Speeding Motorists Create Dangerous Situation For Students Heading To School
Posted September 11, 2000
FAYETTEVILLE — Thousands of children in Fayetteville make their way to school and face dangers every morning from speeding drivers. Police are having a hard time keeping up with the pace.
Mary Pasztor, a crossing guard forCumberland County Schools, sees hundreds of children home safely. Although she loves her job at times, she says she feels nervous.
"I feel my life's in danger as well as my children that I have to cross the street with," she says.
At Fayetteville Academy, cars are supposed to travel 25 mph in the school zone. Pasztor says she has seen cars go as fast as 20 miles over that speed limit, and that scares her as well as parents.

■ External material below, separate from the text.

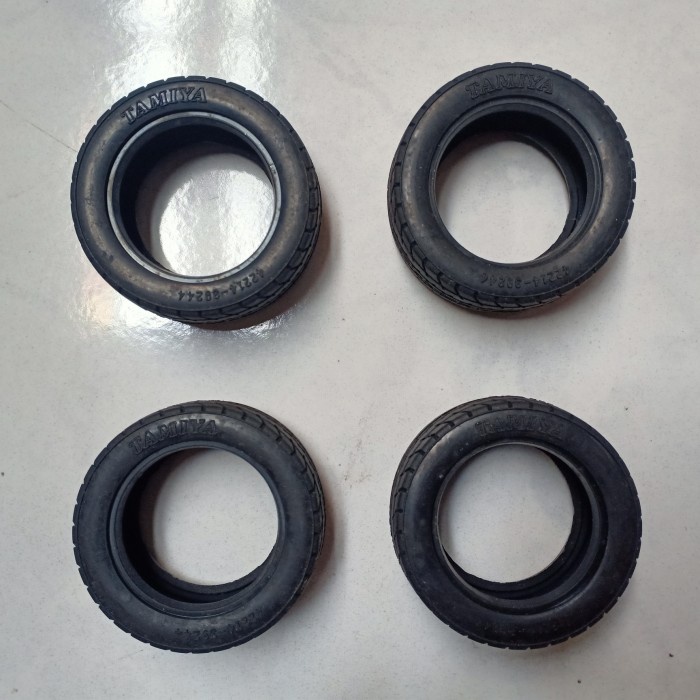 Ban Tamiya M-Chassis 60D Radial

"I don't think they abide by the laws because I know it's 25, but I see people going through there pretty fast," says parent Karaleen McMillian.
Fayetteville police say the problem is too many school zones and not enough officers. There are more than 60 school zones within the city limits, but only 26 officers are able to patrol them, and that could change from day to day.

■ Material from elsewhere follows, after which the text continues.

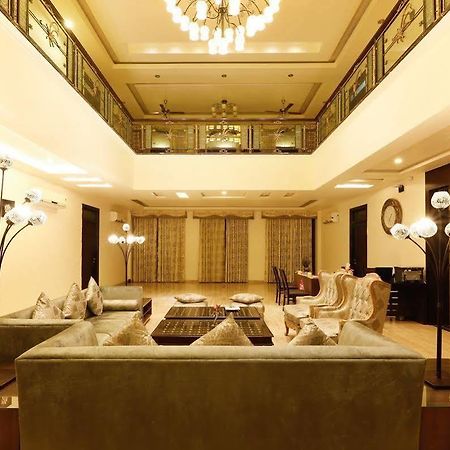 Goyal Haveli Hotel Divisione di Divisione di Jaipur Esterno foto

Officer Rick Shannon knows the problems firsthand. He scours school zones twice a day for speeders. He says he needs more help.
"In Fayetteville, you'll never have enough help," he says. "There are too many people driving, and the roads are not designed for the volume of traffic we get on it in a short period of time. It's really bad."
Fayetteville police say they are doing their best to monitor school speed zones. Last week, officers wrote five tickets and a warning within a 30-minute span to drivers speeding in a school zone on Morganton Road.